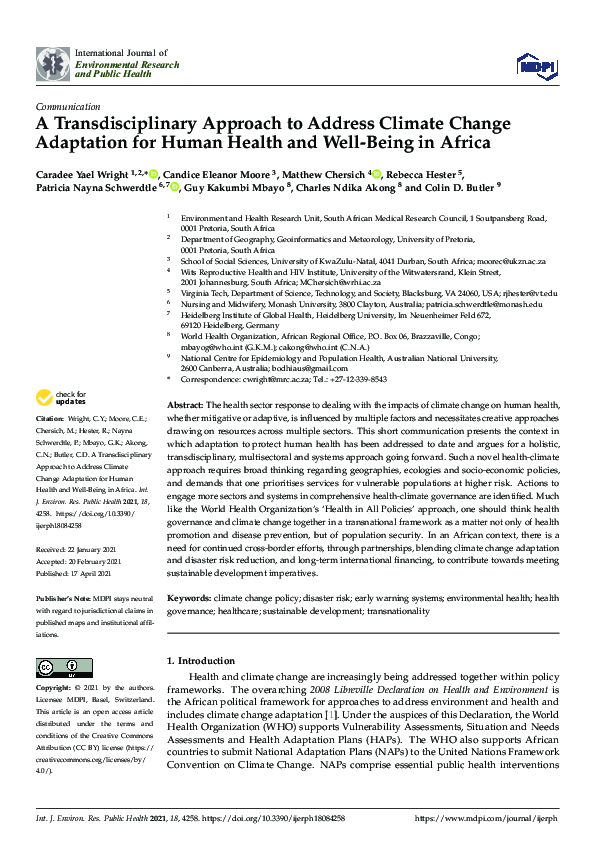 (PDF) A Transdisciplinary Approach to Address Climate Change Adaptation ...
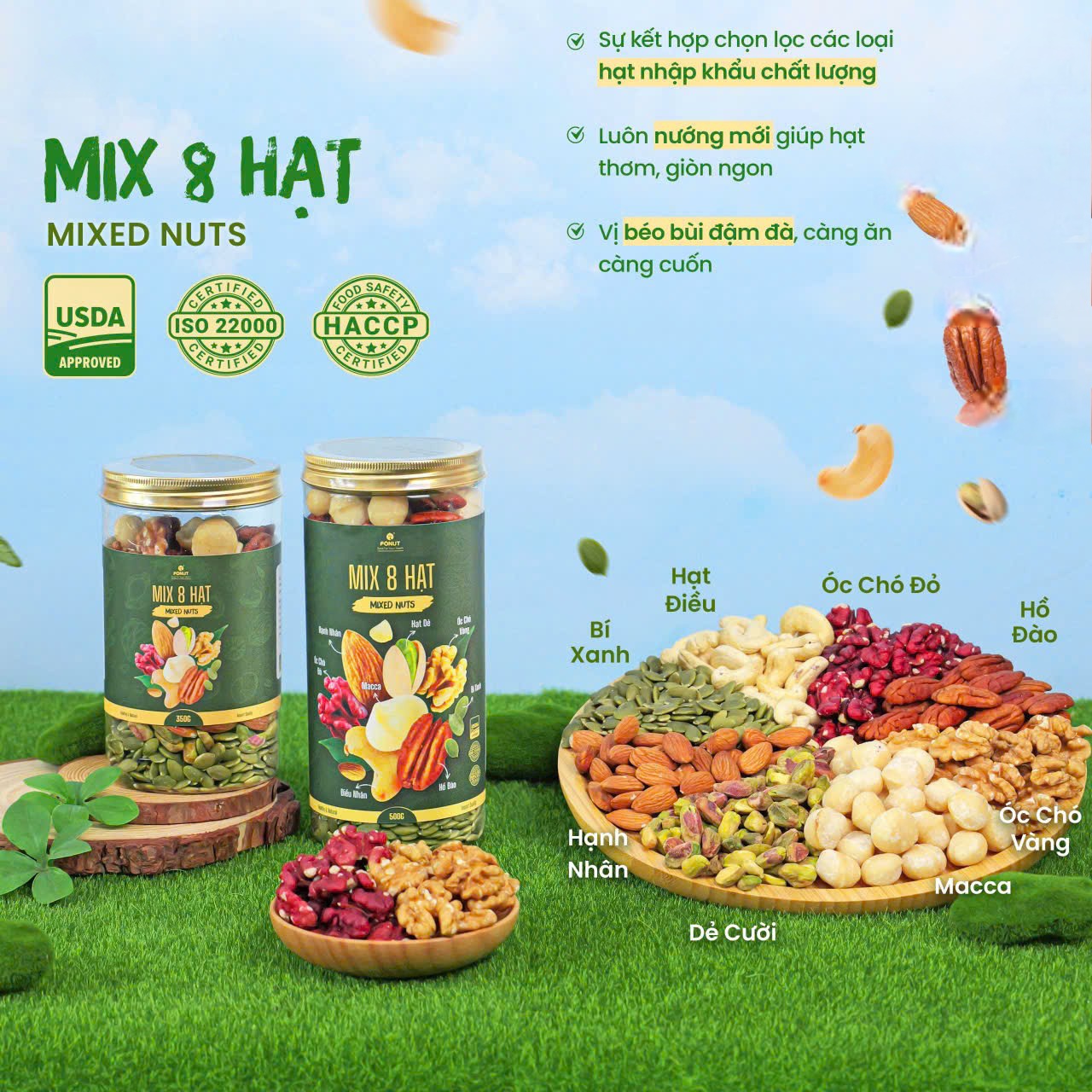 Hạt mix 8 loại hạt dinh dưỡng Hạt macca, óc chó vàng, óc chó đỏ, hồ đào, hạnh nhân, hạt dẻ cười, hạt điều, bí xanh - hộp 500gr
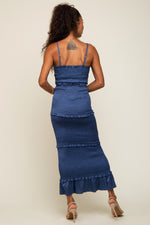 Satin Smocked Maxi Dress with Ruffle Trim by PinkBlush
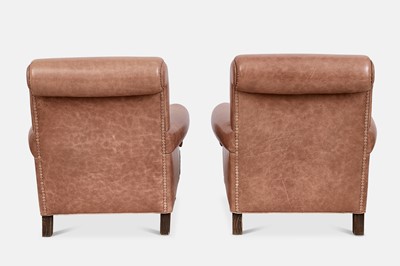 Lot 81 - A pair of leather armchairs by Baxter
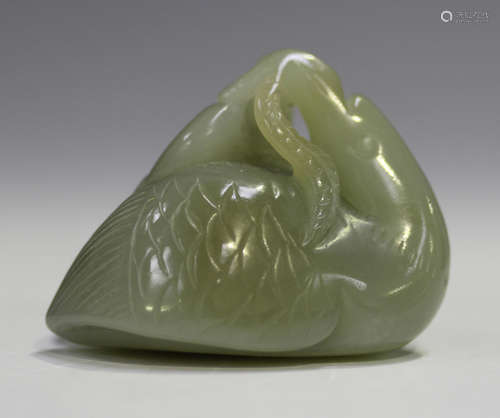 A Chinese celadon jade pendant, probably 20th century, carve...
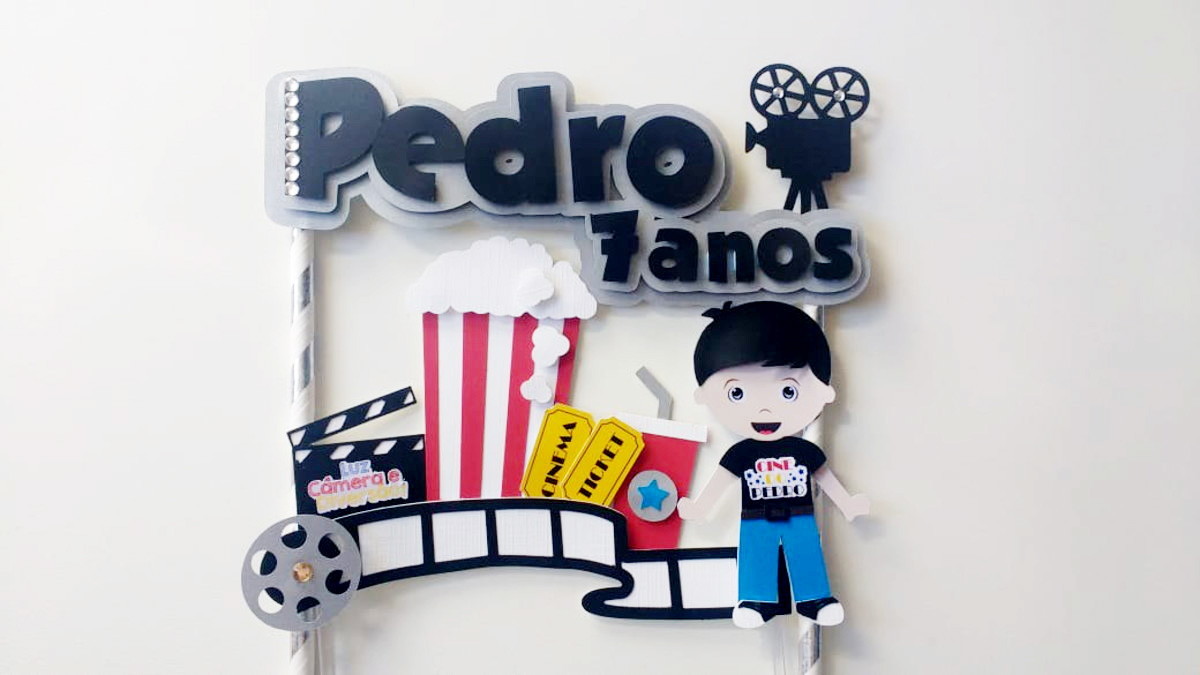 Arquivo de Corte Topo de Bolo Cinema Menino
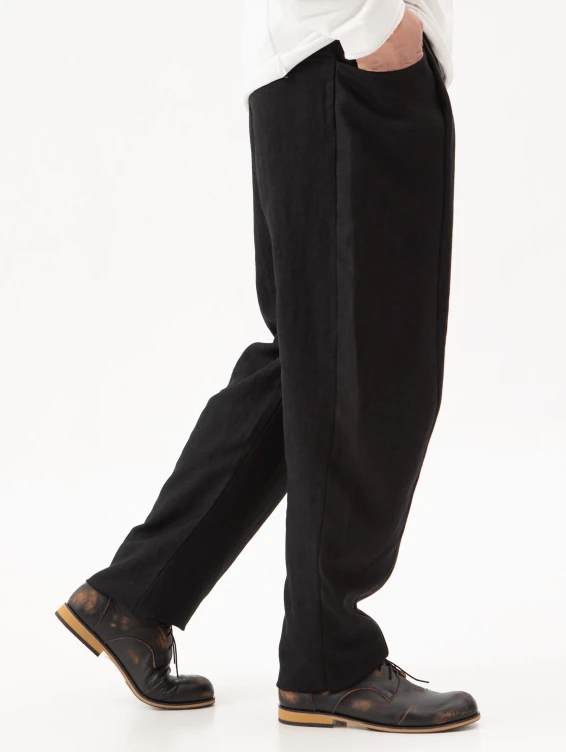 Брюки льняные свободные черные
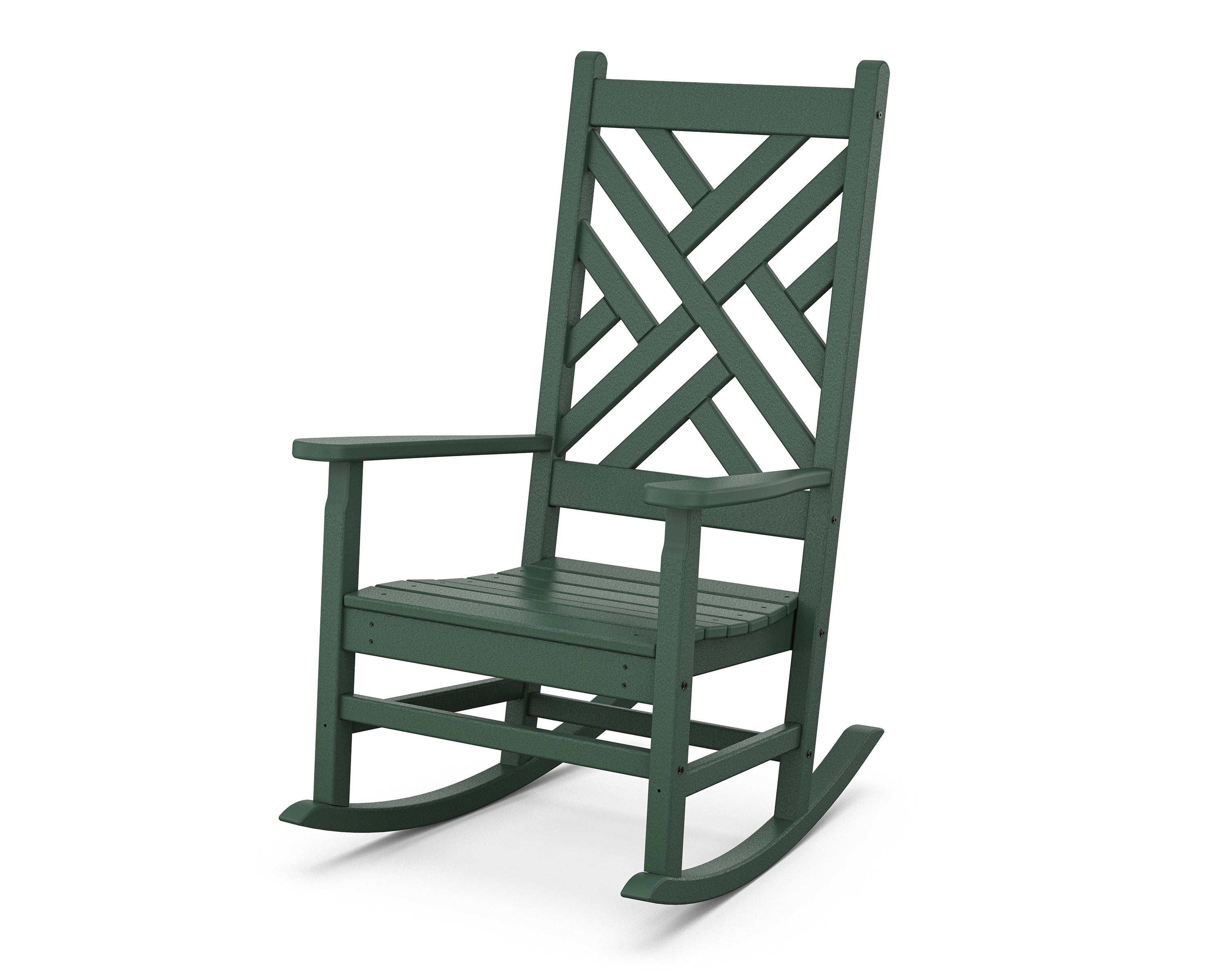 POLYWOOD Chippendale Porch Rocking Chair in Green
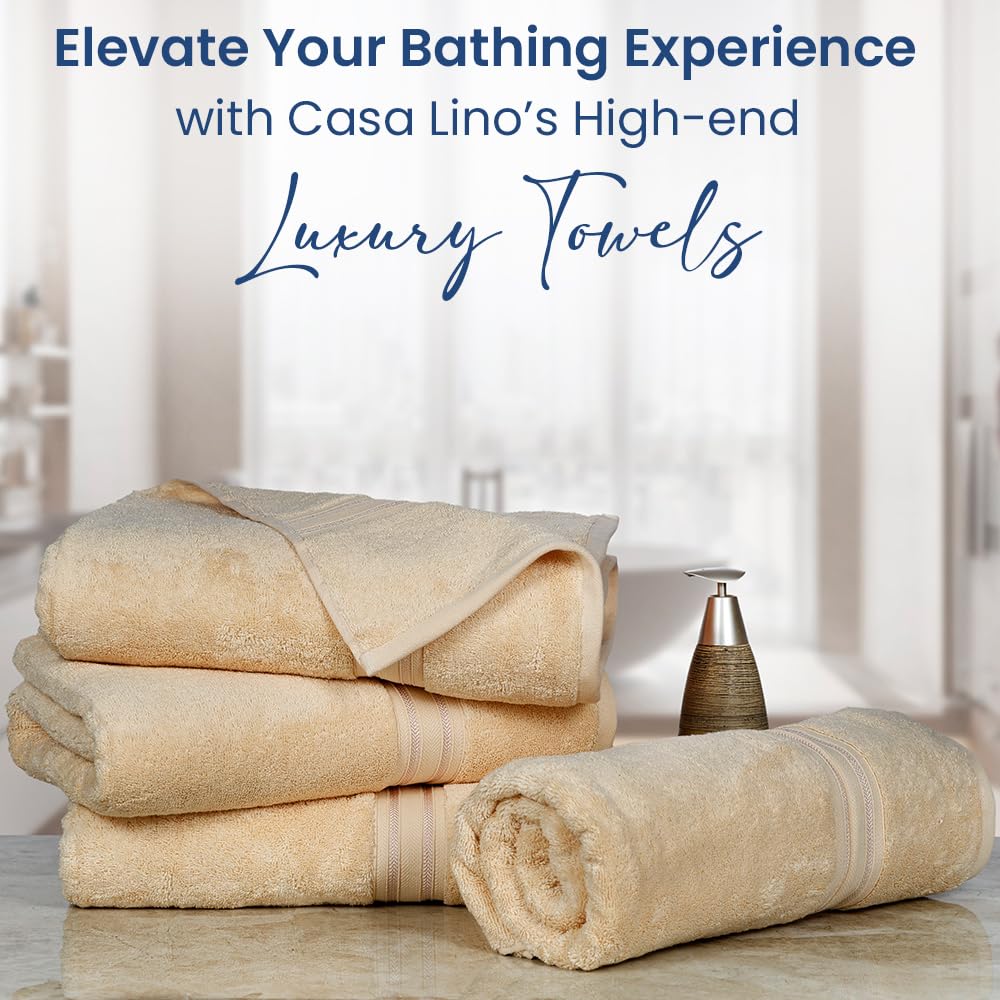 Casa Lino Set Of 4 Luxury Linen Bath Towels Extra Large | 100% Soft Cotton 600 Gsm Thick Absorbent Quick Dry Hotel Bathroom Towe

• • •

What needs to be done
Please retype the records above exactly, excluding every picture.

Your response
 (PDF) A Transdisciplinary Approach to Address Climate Change Adaptation ...
 Hạt mix 8 loại hạt dinh dưỡng Hạt macca, óc chó vàng, óc chó đỏ, hồ đào, hạnh nhân, hạt dẻ cười, hạt điều, bí xanh - hộp 500gr
 Satin Smocked Maxi Dress with Ruffle Trim by PinkBlush
 Lot 81 - A pair of leather armchairs by Baxter
 A Chinese celadon jade pendant, probably 20th century, carve...
 Arquivo de Corte Topo de Bolo Cinema Menino
 Брюки льняные свободные черные
 POLYWOOD Chippendale Porch Rocking Chair in Green
 Casa Lino Set Of 4 Luxury Linen Bath Towels Extra Large | 100% Soft Cotton 600 Gsm Thick Absorbent Quick Dry Hotel Bathroom Towe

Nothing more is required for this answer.